セラピストにむけた情報発信



Learning from falling: 乳幼児の場合(Joh et al. 2006)




2015年4月27日

“転倒に学ぶ”というタイトルは,リハビリテーションに携わる方々の注意を引くタイトルです。今回ご紹介する論文は,15~39か月の乳幼児を対象として,ある場所での転倒経験後,すぐに適応的な歩行方略に切り替えることができるかについて検討した,10年前の論文です。

Joh AS et al. Learning from falling. Child Dev 77, 89-102, 2006

先に,先行情報をお話ししたいと思います。成人の場合,ある場所で一度つまずきや転倒を検討すると,その次には,その場所で再びつまずきや転倒がおこらないように,歩き方を微調整します。今回ご紹介する論文では,15~39か月の乳幼児の場合,こうした歩行の微調整が,一回の転倒経験の直後に起こるのかについて検討しました。

実験参加者は,数試行に1回の割合で,一部が柔らかいフォーム素材でできた歩行路を歩行しました。フォーム素材の場所は,通常の歩行路と色が違うなど,その違いは明らかでした。

ただし,どうやら見た目には固い床に見えるようで,統制群として参加した成人であっても,最初の歩行経験では,フォーム素材の場所を経験しました。
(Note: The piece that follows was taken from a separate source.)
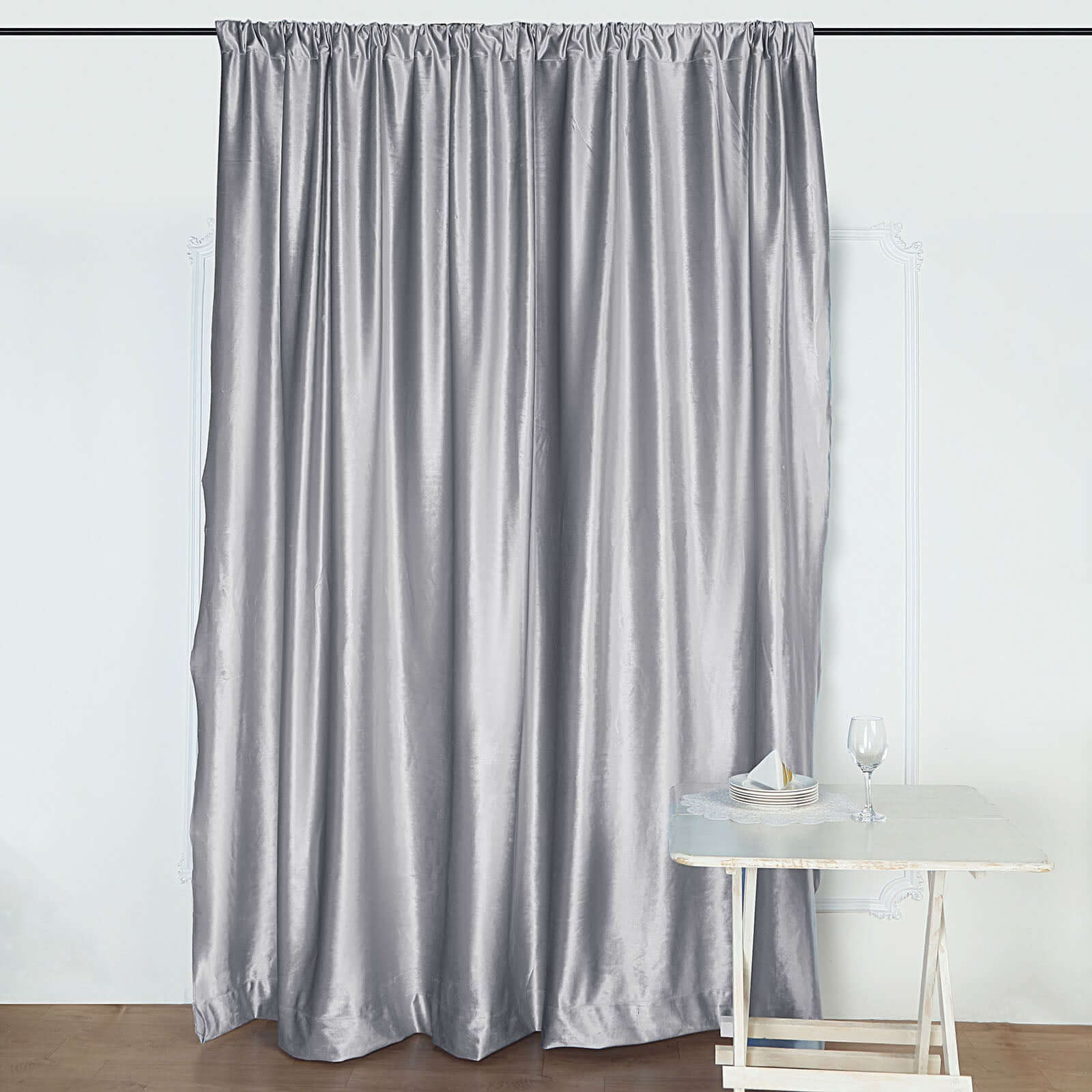 8ftx8ft Silver Premium Smooth Velvet Event Curtain Drapes, Privacy Backdrop Event Panel with Rod Pocket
成人の場合,次の試行からは転倒しないように,歩き方を変えることを確認しました。

乳幼児の場合,転倒を経験してから歩き方を変えるまで(もしくは,その通路を歩こうとしなくなるまで),最低でも3-4回の転倒経験が必要でした。15か月の乳幼児の場合,10試行以上連続して経験しても,一向に歩き方を変えないケースも見られました。

この研究は,発達研究を常にリードしている,ニューヨーク大学のAdolph氏の研究室で実施されたものです。彼らは,たとえ12か月の乳幼児でも,ある場面の危険認知自体ができることを何度も報告していますので,今回の結果についても,単純に危険認知力の欠如ではないだろうと考察しています。

成人の場合,ある場面でたった一回の転倒やつまずきの経験により,その場面と転倒とを結びつける能力があります。よって,次に同様の場面に出くわした時には,適切な対処方略が取られます。一方,幼児の場合,この結び付けをおこなうためには,一回の転倒やつまずき経験では足りず,もう少し多くの経験が必要なのだろうと,著者らは結論付けました。